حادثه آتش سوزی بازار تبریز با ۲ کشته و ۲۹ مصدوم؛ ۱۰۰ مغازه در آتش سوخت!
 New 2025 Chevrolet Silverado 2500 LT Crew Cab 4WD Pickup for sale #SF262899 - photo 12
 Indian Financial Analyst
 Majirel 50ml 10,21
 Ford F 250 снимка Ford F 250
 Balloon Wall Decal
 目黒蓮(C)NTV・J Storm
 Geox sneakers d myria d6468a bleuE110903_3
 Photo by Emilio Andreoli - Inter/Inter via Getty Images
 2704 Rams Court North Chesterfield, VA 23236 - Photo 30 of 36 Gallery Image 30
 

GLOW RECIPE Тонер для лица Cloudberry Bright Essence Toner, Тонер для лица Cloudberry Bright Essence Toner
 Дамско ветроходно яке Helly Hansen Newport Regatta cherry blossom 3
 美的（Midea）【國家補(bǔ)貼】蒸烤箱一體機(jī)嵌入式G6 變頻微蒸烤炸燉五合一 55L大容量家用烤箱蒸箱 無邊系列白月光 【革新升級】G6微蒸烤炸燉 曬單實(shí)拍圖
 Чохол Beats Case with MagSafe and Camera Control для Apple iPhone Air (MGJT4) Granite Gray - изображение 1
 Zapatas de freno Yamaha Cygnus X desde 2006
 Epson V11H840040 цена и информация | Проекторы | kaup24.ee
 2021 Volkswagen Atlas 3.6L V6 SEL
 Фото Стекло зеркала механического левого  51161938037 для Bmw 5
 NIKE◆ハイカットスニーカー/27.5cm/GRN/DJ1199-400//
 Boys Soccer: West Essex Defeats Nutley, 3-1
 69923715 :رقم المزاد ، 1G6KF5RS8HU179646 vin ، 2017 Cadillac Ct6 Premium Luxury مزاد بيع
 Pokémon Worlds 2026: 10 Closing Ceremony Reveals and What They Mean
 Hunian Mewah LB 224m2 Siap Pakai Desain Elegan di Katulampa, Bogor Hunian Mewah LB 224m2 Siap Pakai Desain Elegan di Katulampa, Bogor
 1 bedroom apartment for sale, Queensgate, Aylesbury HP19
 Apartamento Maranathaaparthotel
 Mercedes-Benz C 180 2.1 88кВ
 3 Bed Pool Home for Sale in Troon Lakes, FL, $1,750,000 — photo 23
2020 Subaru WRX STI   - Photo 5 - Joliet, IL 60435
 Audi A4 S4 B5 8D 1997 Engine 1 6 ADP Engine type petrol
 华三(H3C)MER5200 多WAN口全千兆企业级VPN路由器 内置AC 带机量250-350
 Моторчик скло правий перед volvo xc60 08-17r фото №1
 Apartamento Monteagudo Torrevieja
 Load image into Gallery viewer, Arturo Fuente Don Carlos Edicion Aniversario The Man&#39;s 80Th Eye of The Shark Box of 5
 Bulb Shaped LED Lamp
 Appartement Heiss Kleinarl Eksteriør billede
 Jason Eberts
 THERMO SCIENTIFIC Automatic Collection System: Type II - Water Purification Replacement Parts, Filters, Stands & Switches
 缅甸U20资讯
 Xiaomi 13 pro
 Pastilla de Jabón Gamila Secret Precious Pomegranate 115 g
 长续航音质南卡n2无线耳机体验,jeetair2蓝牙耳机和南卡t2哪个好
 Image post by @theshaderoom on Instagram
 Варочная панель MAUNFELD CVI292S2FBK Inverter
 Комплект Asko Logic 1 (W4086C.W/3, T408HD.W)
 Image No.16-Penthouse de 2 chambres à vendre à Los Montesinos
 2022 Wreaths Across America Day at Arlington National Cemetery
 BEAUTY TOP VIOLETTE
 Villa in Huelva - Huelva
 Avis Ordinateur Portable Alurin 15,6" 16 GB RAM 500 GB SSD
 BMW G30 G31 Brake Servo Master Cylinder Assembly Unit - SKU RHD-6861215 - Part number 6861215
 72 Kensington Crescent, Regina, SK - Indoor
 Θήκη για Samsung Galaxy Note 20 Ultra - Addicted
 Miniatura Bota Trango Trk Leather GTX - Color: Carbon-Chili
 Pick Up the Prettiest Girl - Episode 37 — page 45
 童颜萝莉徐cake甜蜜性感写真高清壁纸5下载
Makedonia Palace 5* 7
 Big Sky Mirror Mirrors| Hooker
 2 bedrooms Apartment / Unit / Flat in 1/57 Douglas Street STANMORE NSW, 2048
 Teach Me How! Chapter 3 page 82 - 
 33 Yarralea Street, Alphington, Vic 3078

####################

Check each line above for the word "Street" and copy every line that has it.

 2 bedrooms Apartment / Unit / Flat in 1/57 Douglas Street STANMORE NSW, 2048
 33 Yarralea Street, Alphington, Vic 3078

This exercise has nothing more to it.